- Lichen Sclerosus
- Interviews
Sarah's interview
How did all start?
7 years ago with spot on my breast
Do you already have a diagnosis? How long did it take you to get it?
Yes - didn't take too long to get diagnosis but I didn't have genital symptoms at that time so the dr ignored my diagnosis until a major genital flare.
What has been the most useful thing for you so far?
Online forums - there seems to be little to no information available and my drs are clueless
What have been your biggest difficulties?
Difficulty getting help from drs - treatment options and long term plan. Doctors ranged from clueless but told me there was no hope, to feigned knowledge resulting in permanent fusing. In addition, this has had a serious blow to my marriage as my sex life has been permanently damaged due to clitoral fusing and tearing during intercourse.

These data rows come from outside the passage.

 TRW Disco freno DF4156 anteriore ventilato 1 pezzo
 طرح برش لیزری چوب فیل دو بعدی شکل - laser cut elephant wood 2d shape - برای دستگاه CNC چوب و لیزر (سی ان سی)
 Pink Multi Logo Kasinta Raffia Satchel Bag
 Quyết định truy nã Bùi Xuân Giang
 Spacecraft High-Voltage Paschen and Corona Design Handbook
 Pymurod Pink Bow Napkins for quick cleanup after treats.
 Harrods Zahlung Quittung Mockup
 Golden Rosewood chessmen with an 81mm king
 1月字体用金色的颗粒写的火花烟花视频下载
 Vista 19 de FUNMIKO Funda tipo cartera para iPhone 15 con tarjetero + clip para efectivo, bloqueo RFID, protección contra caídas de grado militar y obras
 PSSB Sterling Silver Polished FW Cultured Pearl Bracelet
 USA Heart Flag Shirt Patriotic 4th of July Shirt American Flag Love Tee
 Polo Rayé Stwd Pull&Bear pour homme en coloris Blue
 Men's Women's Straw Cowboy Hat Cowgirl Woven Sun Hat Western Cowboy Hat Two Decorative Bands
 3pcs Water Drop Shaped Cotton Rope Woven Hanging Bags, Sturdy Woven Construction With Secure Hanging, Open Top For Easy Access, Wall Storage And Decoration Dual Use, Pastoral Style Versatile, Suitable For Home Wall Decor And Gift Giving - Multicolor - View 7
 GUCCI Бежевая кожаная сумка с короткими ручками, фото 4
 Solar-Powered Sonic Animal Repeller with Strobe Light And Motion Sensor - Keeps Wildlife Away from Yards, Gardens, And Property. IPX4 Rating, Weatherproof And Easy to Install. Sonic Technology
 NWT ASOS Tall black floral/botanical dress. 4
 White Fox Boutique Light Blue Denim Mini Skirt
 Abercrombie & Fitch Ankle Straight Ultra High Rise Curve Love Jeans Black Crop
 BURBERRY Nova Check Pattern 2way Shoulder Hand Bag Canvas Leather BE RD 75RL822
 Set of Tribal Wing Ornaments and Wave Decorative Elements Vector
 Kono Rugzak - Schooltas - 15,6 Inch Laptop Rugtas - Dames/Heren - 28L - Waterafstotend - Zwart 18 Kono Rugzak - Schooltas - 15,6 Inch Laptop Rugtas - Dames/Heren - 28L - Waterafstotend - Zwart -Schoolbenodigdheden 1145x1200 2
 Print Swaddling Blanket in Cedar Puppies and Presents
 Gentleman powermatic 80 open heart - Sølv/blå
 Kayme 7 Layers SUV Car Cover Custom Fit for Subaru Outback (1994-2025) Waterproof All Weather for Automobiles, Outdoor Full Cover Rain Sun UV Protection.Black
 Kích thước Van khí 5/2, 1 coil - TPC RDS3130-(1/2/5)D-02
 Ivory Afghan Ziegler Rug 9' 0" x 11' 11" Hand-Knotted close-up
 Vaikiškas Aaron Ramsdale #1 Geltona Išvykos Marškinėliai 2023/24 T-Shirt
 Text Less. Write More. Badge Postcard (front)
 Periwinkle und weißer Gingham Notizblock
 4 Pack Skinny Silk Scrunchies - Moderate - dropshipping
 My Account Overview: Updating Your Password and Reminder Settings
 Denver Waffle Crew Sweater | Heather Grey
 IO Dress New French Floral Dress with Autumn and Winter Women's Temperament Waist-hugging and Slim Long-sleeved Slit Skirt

How has your social and family environment reacted? Have your social or family relationships changed?
Marriage is having challenges. This disease is not one you tend to talk about with others.
What things have you stopped doing?
Most sexual activity. Using soap. Wearing anything organ than cotton underwear.
What do you think about the future?
I fear a completely sexless marriage.
Finally, what advice would you give to a person in a similar situation?
Be really proactive. Join a group on FB and push your doctors for answers. Do not be dismissed.